What is expected:
Using the listing below, output only the lines from the one that contains "البابا تواضروس الثاني" through the one that contains "10926 SW 37th", inclusive, exactly as given and without images.

Available records:
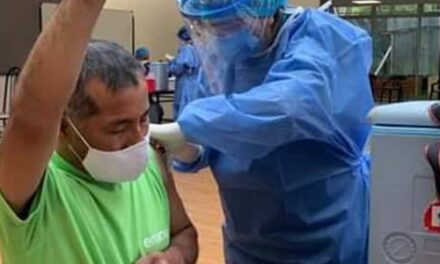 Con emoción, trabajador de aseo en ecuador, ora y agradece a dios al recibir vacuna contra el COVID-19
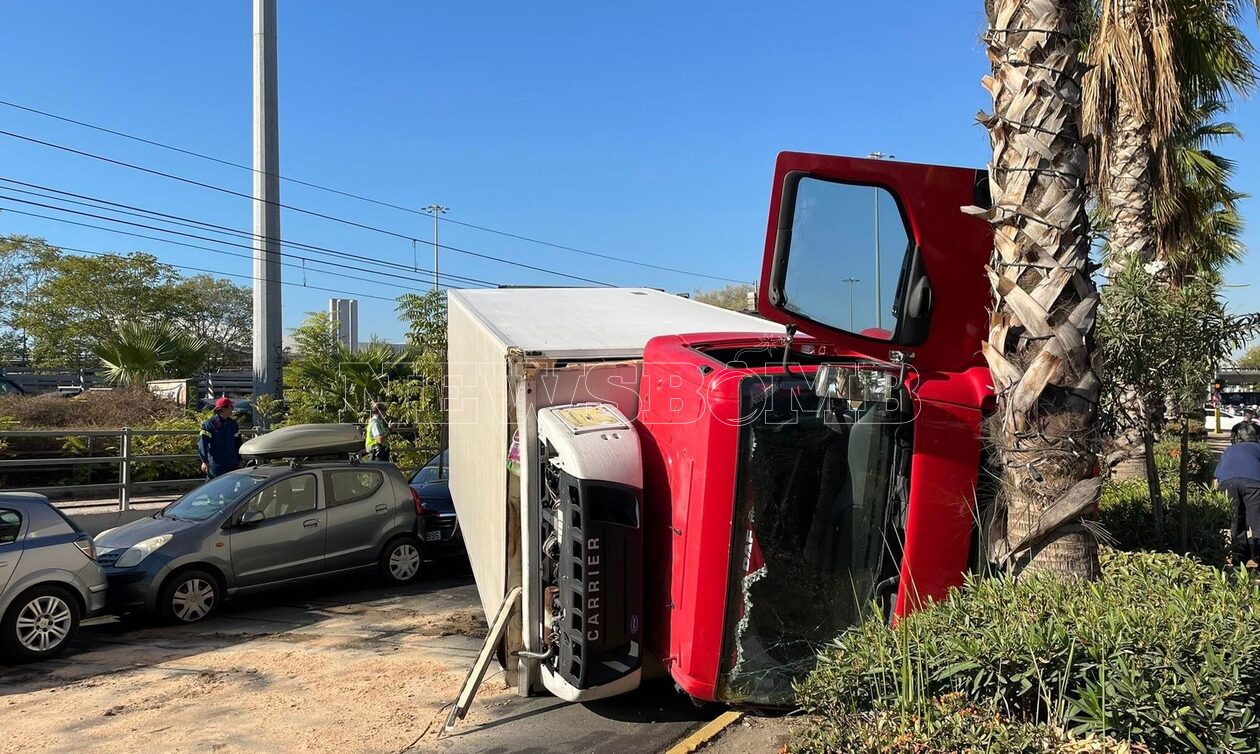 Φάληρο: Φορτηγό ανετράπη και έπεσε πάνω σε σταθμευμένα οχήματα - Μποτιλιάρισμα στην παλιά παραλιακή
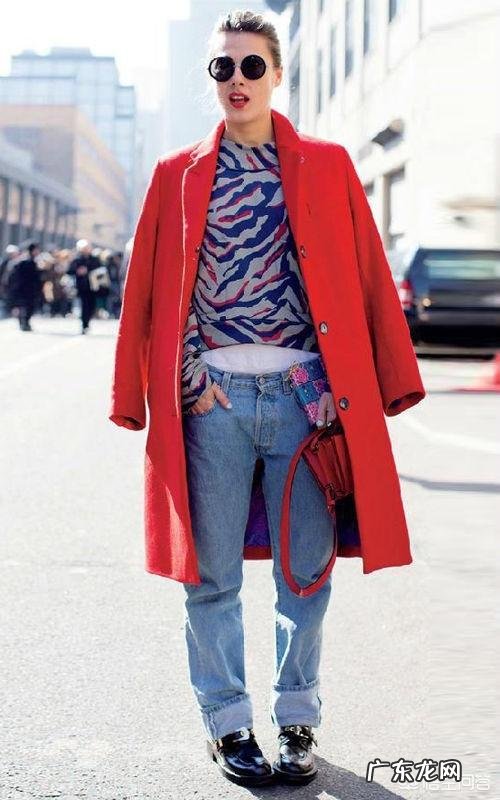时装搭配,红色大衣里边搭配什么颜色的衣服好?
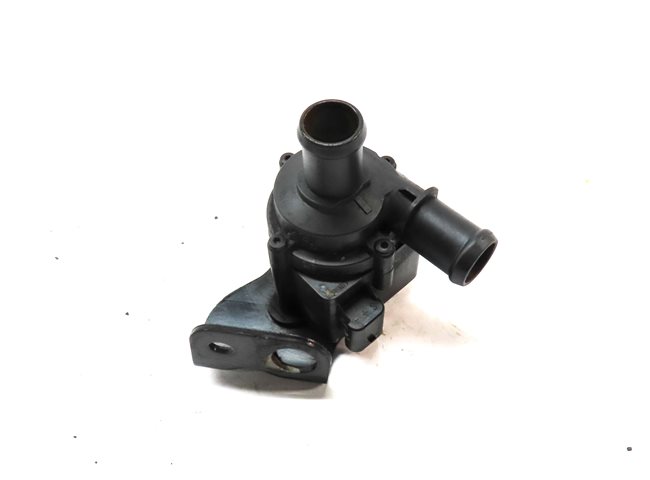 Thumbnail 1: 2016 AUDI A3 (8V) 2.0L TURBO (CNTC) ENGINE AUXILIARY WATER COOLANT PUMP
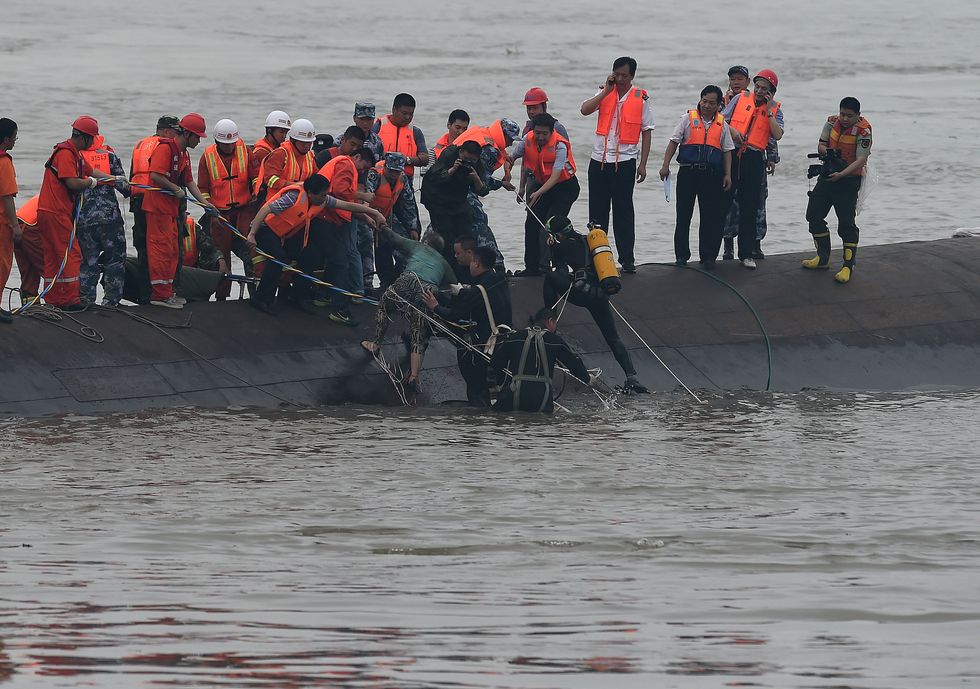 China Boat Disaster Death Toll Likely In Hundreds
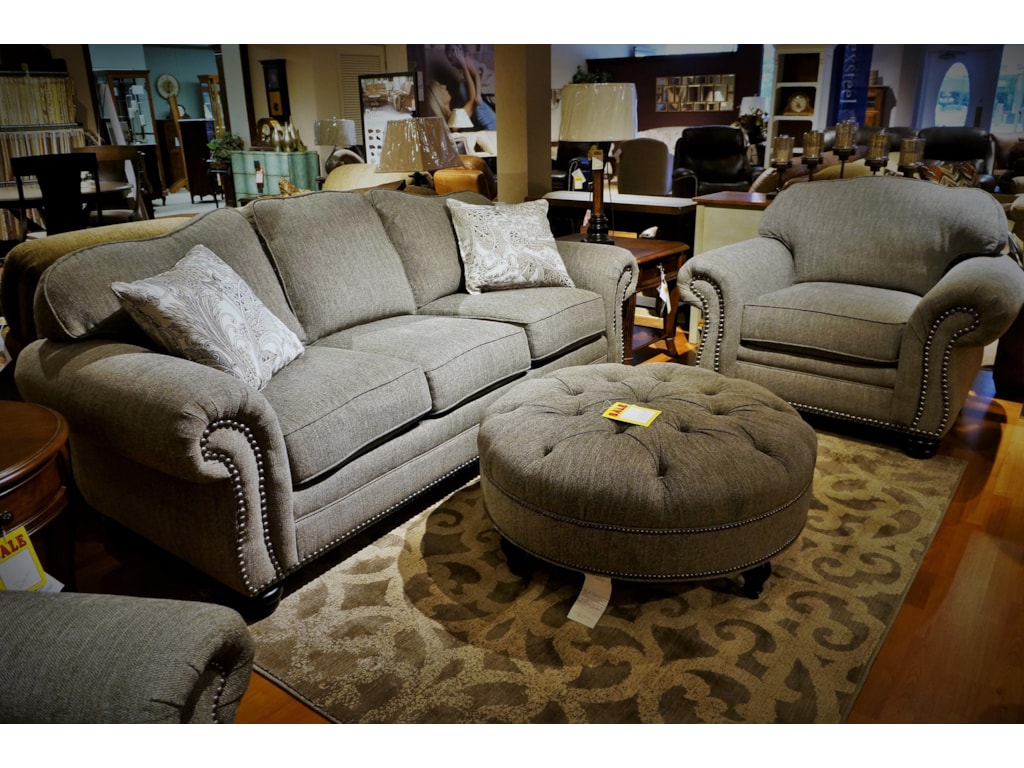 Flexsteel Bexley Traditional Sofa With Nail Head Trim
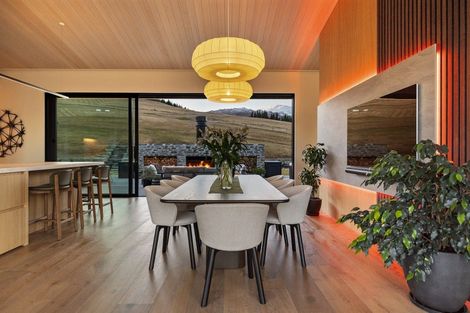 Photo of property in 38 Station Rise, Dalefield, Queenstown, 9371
* * *
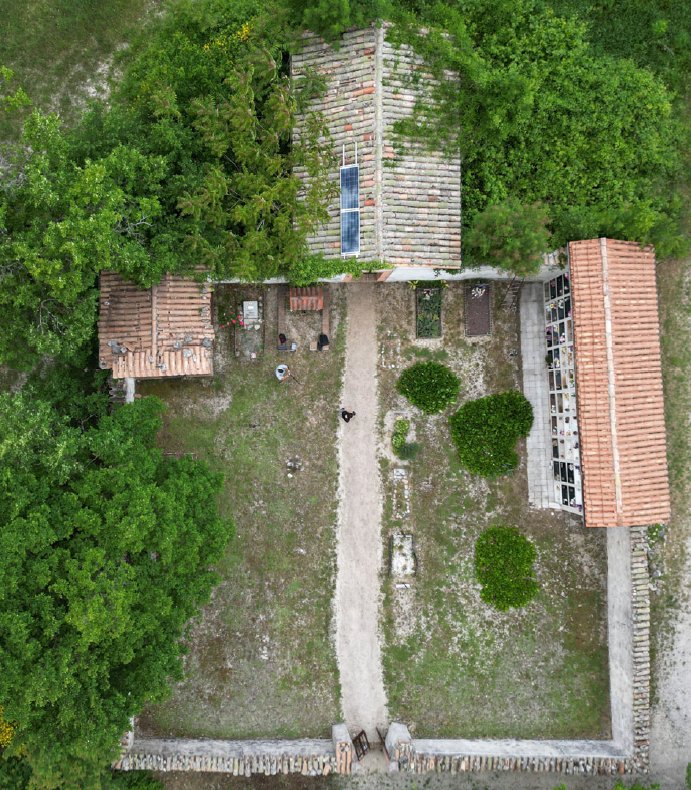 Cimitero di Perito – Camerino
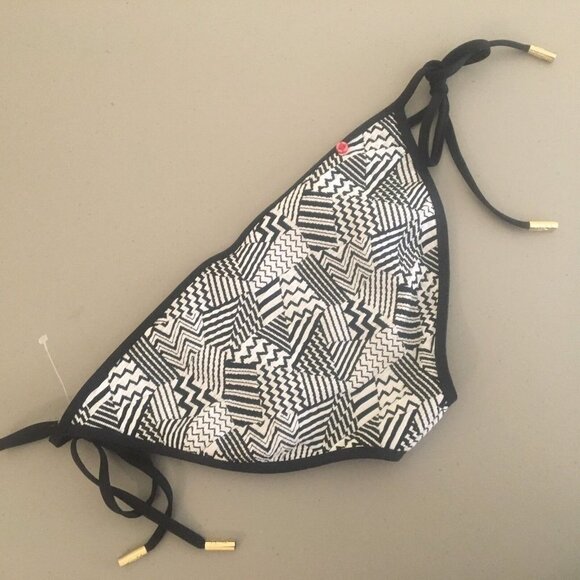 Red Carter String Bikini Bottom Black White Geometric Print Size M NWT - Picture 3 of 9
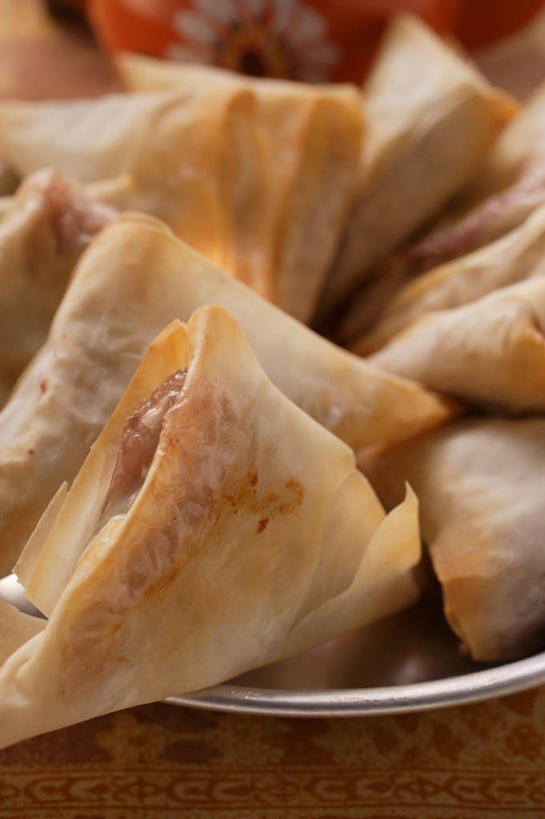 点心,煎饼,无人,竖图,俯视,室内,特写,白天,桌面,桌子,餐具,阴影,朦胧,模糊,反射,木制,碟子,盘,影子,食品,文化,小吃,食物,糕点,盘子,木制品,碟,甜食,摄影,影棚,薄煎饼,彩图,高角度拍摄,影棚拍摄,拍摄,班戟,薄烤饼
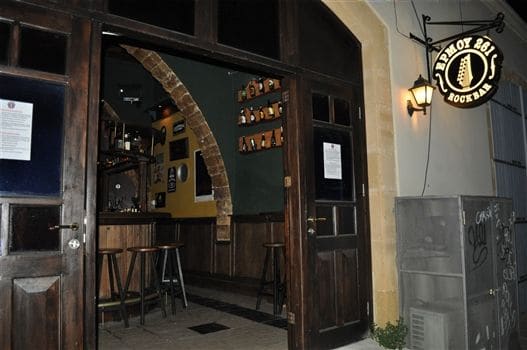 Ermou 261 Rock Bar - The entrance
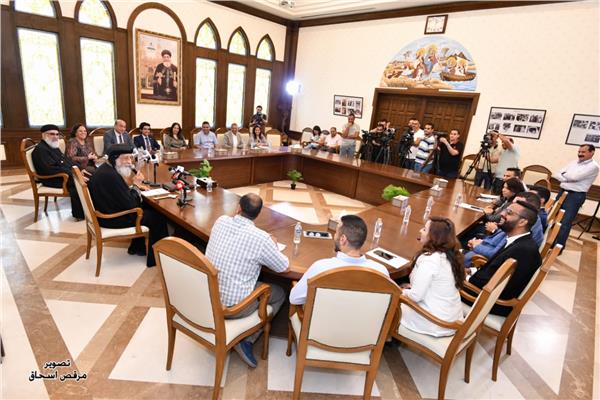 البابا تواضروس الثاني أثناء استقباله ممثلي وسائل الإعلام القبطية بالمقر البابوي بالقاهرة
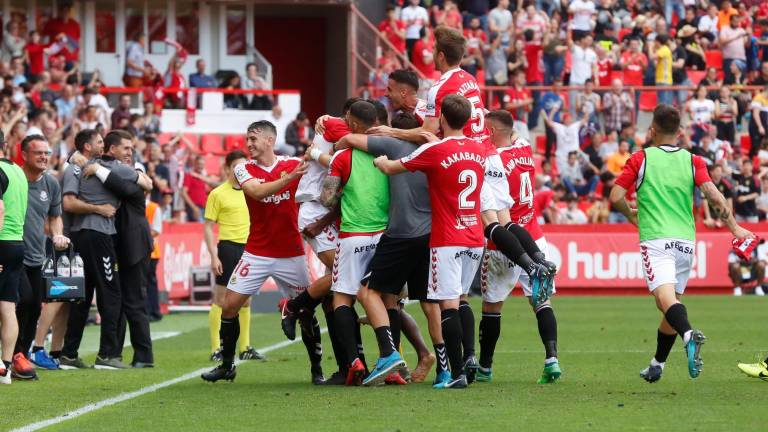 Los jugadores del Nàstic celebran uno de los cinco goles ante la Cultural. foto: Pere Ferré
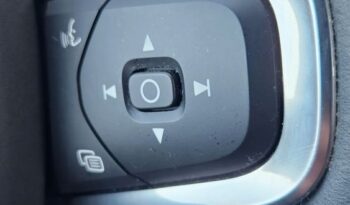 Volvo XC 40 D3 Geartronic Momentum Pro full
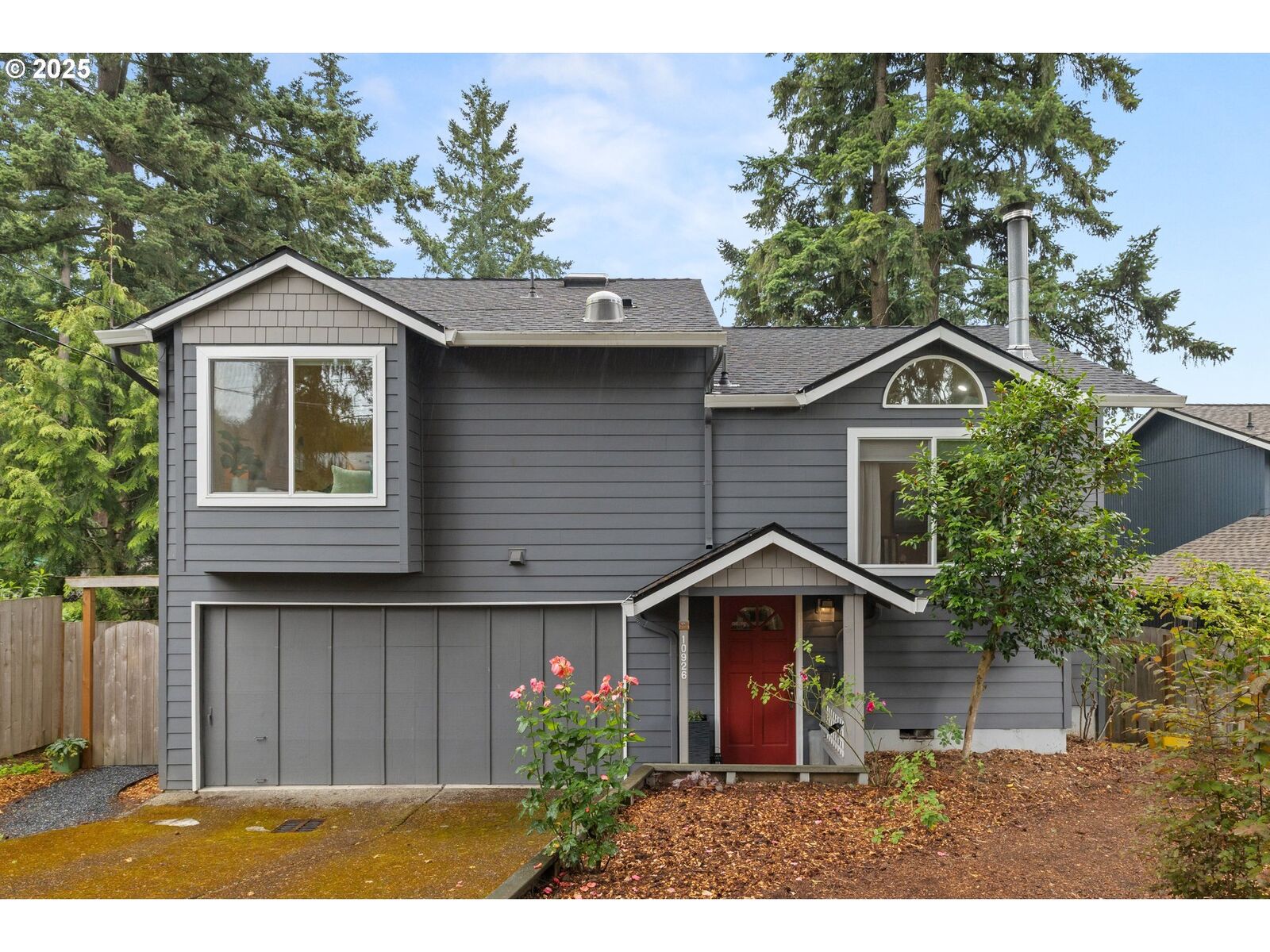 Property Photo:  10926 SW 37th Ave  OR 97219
--
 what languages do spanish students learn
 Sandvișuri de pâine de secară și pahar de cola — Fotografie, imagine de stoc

Response area:
 البابا تواضروس الثاني أثناء استقباله ممثلي وسائل الإعلام القبطية بالمقر البابوي بالقاهرة
 Los jugadores del Nàstic celebran uno de los cinco goles ante la Cultural. foto: Pere Ferré
 Volvo XC 40 D3 Geartronic Momentum Pro full
 Property Photo:  10926 SW 37th Ave  OR 97219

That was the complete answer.